__Activity__
Without the pictures, output all of the data exactly.

__Data section__
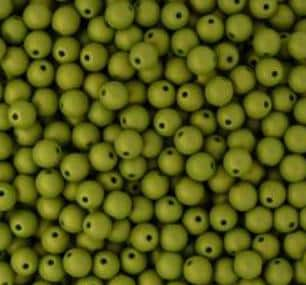 3mm, 4mm Round Alabaster Verdant Glow, Czech Glass Beads, 29768 - 50 beads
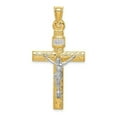 thumbnail image 1 of 14K Two-Tone with Rhodium Crucifix Pendant, 1 of 1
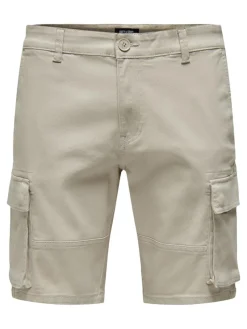Only & Sons Shorts*ONSCAM STAGE CARGO SHORTS 6689 LIFE NOOS Silver Lining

__Reply to the task__
 3mm, 4mm Round Alabaster Verdant Glow, Czech Glass Beads, 29768 - 50 beads
 thumbnail image 1 of 14K Two-Tone with Rhodium Crucifix Pendant, 1 of 1
Only & Sons Shorts*ONSCAM STAGE CARGO SHORTS 6689 LIFE NOOS Silver Lining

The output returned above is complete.